Sem os dados quantitativos, a pesquisa focou nas entrevistas. E a primeira constatação da conversa com os oficiais foi perceber a negação veemente de que haja racismo na atuação da Brigada. Os policiais afirmaram não haver qualquer formação ou orientação dentro da instituição para que eles atuem influenciados pela raça das pessoas durante as abordagens.
Porém, quando a pesquisadora questionava as características da pessoa considerada “suspeita”, a situação mudava.
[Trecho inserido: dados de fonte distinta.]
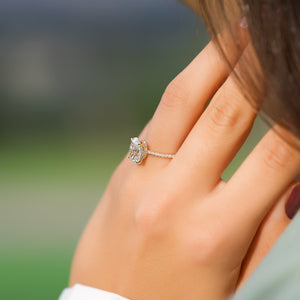 The Pave Nelly Set  With A 4 Carat Oval 18K Yellow Gold Moissanite
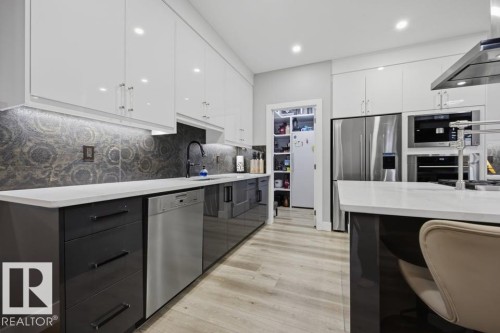 Kitchen featuring white upper cabinetry, dark lower cabinetry, patterned backsplash, light-toned wood-finish flooring, and built-in stainless steel appliances - 3303 Soleil Boulevard, Beaumont, AB - Indoor Photo Showing Kitchen With Upgraded Kitchen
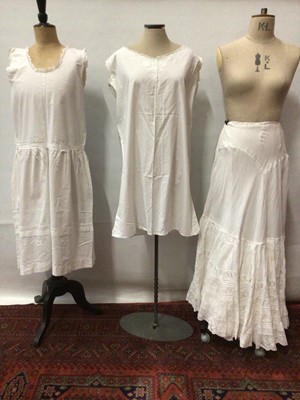 Lot 2059 - Three Edwardian white cotton dresses with broderie anglaise eyelet embroidery and lace plus three cotton petticoats.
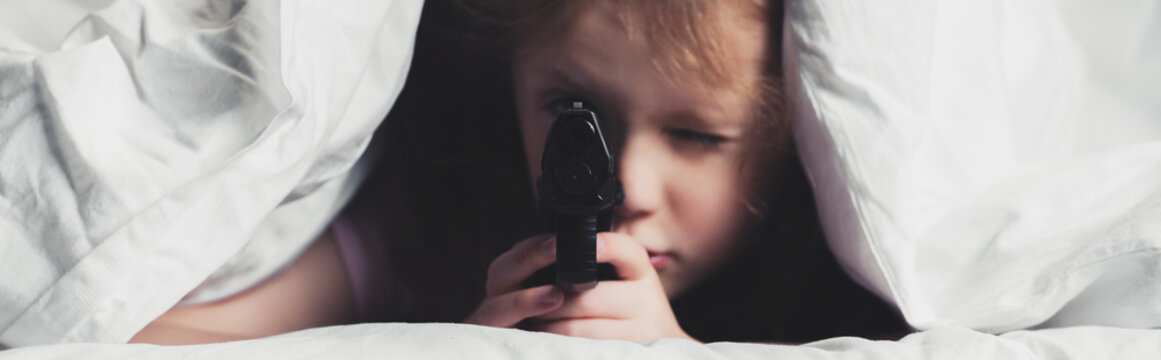 panoramic shot of scared child holding gun while hiding under blanket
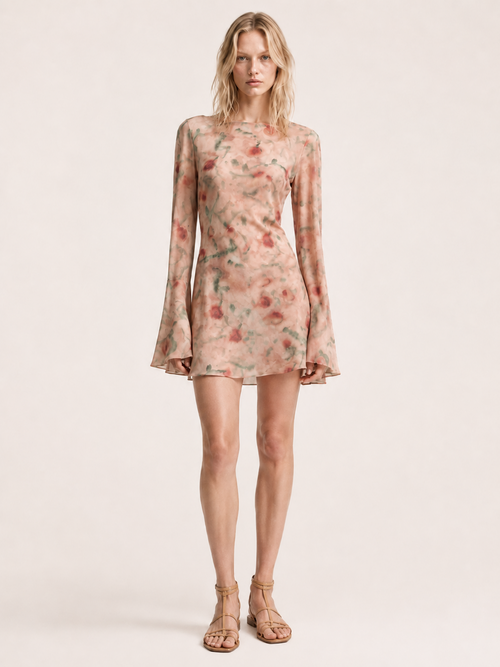 A woman wearing the Elévaison Rosy Blushed Garden watercolor-floral bell-sleeve mini dress, viewed from the front, against a light beige studio background.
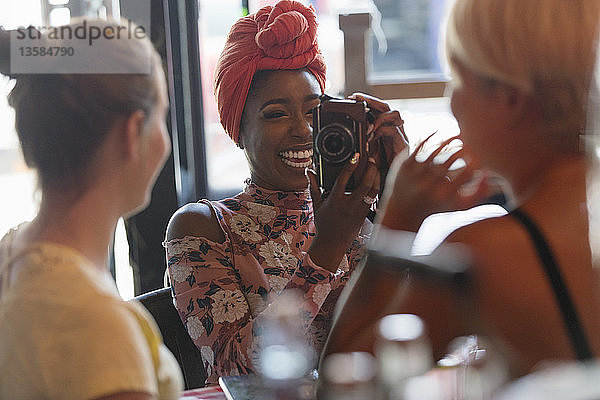 Junge Frau fotografiert Freund mit Digitalkamera in Café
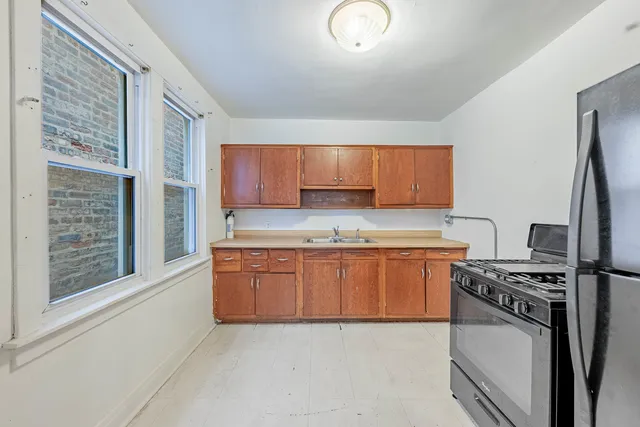 a kitchen with stainless steel appliances granite countertop a stove a sink and a refrigerator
A questão da territorialidade então aparece, com a ideia de que algumas pessoas “pertencem” ou não a determinados locais ou bairros, fator que pode levantar suspeita. Como exemplo, um jovem negro caminhando num bairro de classe alta, onde “não é esperado” que ele more, e então esse jovem vai ser parado pela polícia.
“Pessoas ‘pertencentes’ a um local e não há outro têm a tendência de serem abordadas. As vestimentas, como camisa de time, bermuda, boné na cabeça, são de uma pessoa que seria abordada, é uma construção feita. A partir disso, eles (os policiais) começaram a demonstrar que pessoas negras possuem atitudes entendidas para eles como suspeitas. Então, ao mesmo tempo em que eles negam (o racismo), no decorrer da entrevista eles trazem tudo, ao ponto de me olharem e ficarem como quem diz: ‘bom, na verdade, sim’”, explica Luiza.
Assim como seus colegas de outros estados, a pesquisadora diz que os oficiais da Brigada definem as atitudes suspeitas a partir de características corporais, vestimentas e gestos. “São atitudes impessoais que eles procuram, mas que acabam sendo tipos físicos estigmatizados por um corpo e por características culturais forjadas pelo racismo na nossa sociedade. Ao fim e ao cabo, eles têm um modo de agir racista ou racializado”, afirma. Ao perceberem a contradição, Luiza conta que os policias mantinham a convicção de que a BM não é racista, mas, “se for”, é porque a sociedade brasileira é racista.